A supplement for non-computer scientists reading Website Architecture Lezione 2: XML + XHTML.

This gives some focal points for the main PDF; that is to say, this is a supplement, not a replacement.

DTD (shorter) summary

All markup documents (in the languages we've seen: HTML, XML, XHTML) should have a declaration at the top that says which language it is and which tags to expect, the valid tag structures, etc. You can basically always copy & paste this declaration from a known good source (see the zip file of examples for this lesson). The exception would be if you're making your own XML format and you make a document which describes your custom grammar so that you can validate new XML documents and see if they conform. Rare, especially for non-computer scientists.

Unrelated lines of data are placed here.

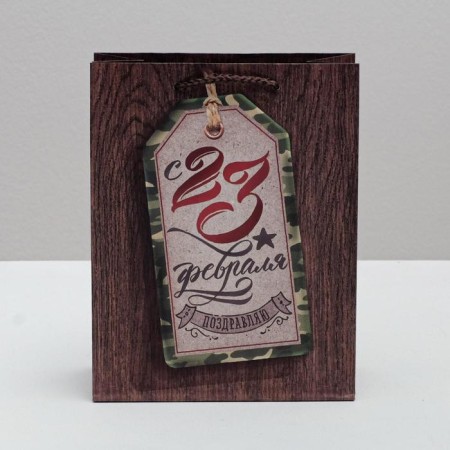 Package Gift Laminated Vertical, packaging, “Congratulations on February 23”, 18 x 23 x 10 cm-1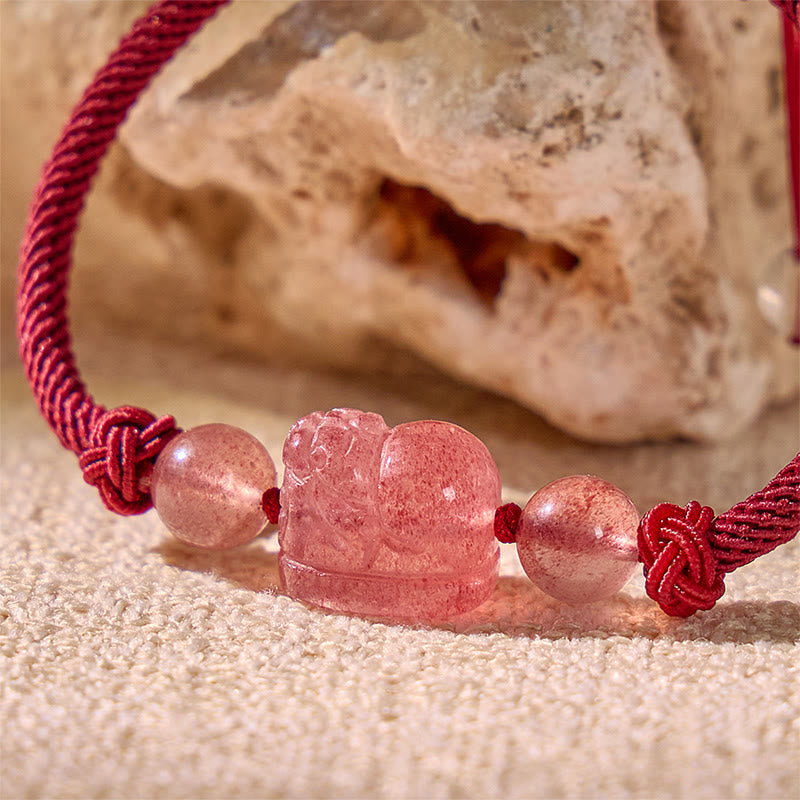 FuAttract Pink Craftsman - Adjustable Handwoven Strawberry Quartz Pixiu String Bracelet - image 3
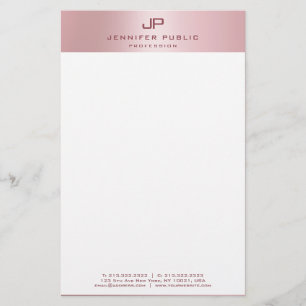 Eleganten Modern Monogram-mall för Ro Guld Brevpapper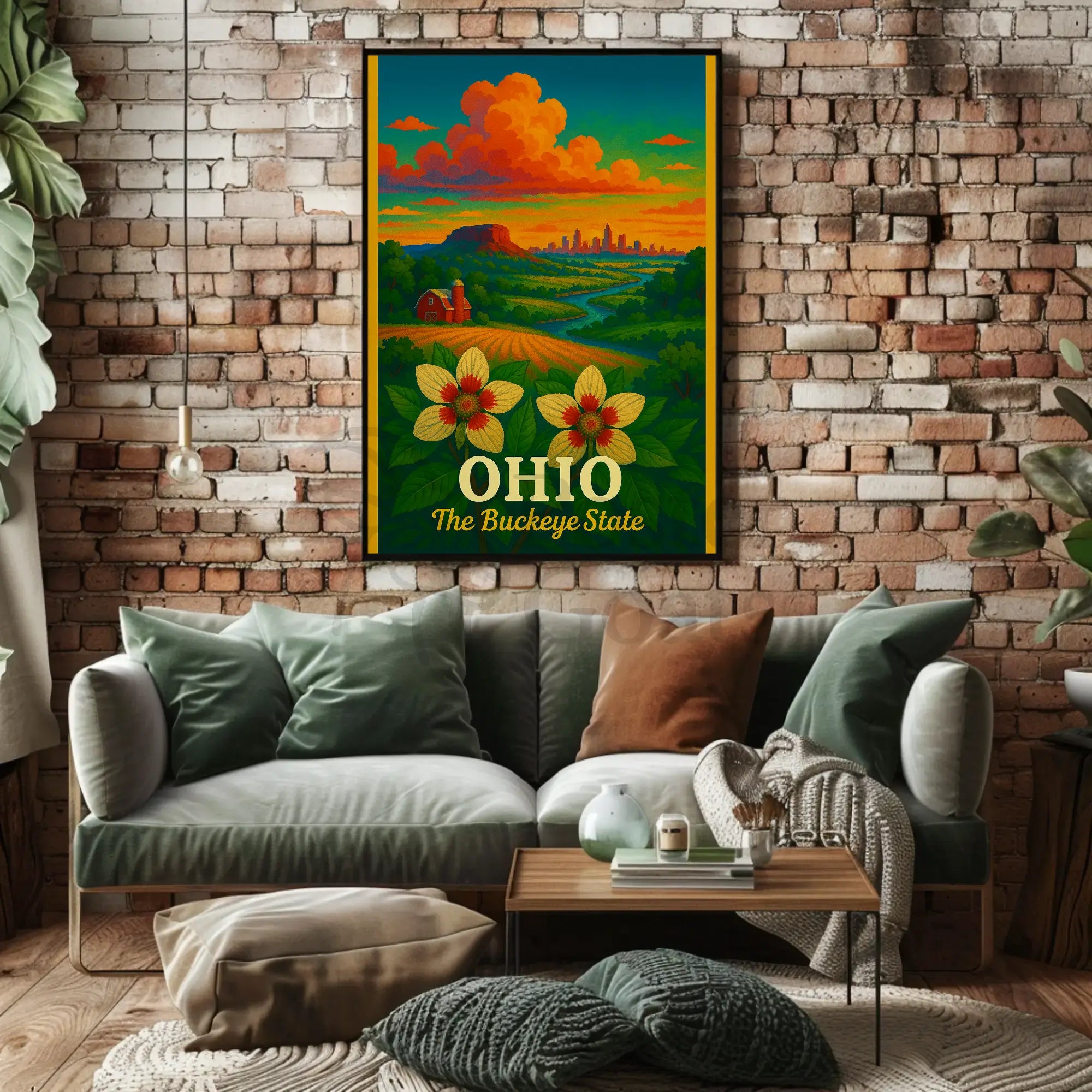 Ohio's Natural Beauty Illustrated Travel Poster PosterGoat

There are three different such declarations for HTML 4.01 and the same three for XHTML 1.0. You should generally use the "Strict" vairant of each, unless your web page uses frames. When you are copying & pasting, make sure you skim the cryptic-looking text and see that it's "Strict".

HTML grammar vs. XHTML grammar

Extensibility benefit of XHTML

XML documents can include other XML documents. Sometimes it is useful to take a seemingly unrelated XML format, like MathML, and embed it in a web page. This is fairly rare in websites but certainly not unheard of. This kind of design goal/constraint usually comes with others that are more complex, so it seems unlikely that you would be responsible for this type of job any time soon.

Economy benefit of XHTML

Since XHTML mandates a more regular/standarized grammar, it is easier for computers to read than HTML, at least slightly, and this is an advantage when "embedded computers" (smaller, often purpose-specific computers, such as in mobile devices) need to read (X)HTML documents. HTML has become a pretty messy language over the years, including especially backwards-compatibility with old versions of HTML, so the programs that read HTML tend to be fairly complicated. XHTML is a fresh start and programs which read XHTML can be written more easily and conservatively. XHTML is already preferred in some media such as eBooks.

Drawbacks of XHTML?

Not really, son. Can't be a slob, though.

Future directions & HTML5

HTML5 is on the horizon, and we will see it later in the course. HTML 4.01 and XHTML 1.0 are over ten years old, and HTML5 incorporates some features from both of them, such as the embedding of other XML. For your purposes in real life, making typical websites, you should probably be using HTML5, so the debate of HTML vs. XHTML at this point does not hold as much relevance as it would have three or five years ago; the answer is now pretty much to use HTML5. HTML5 is largely intuitive if you know HTML 4.01, so there is no problem in continuing on our current course.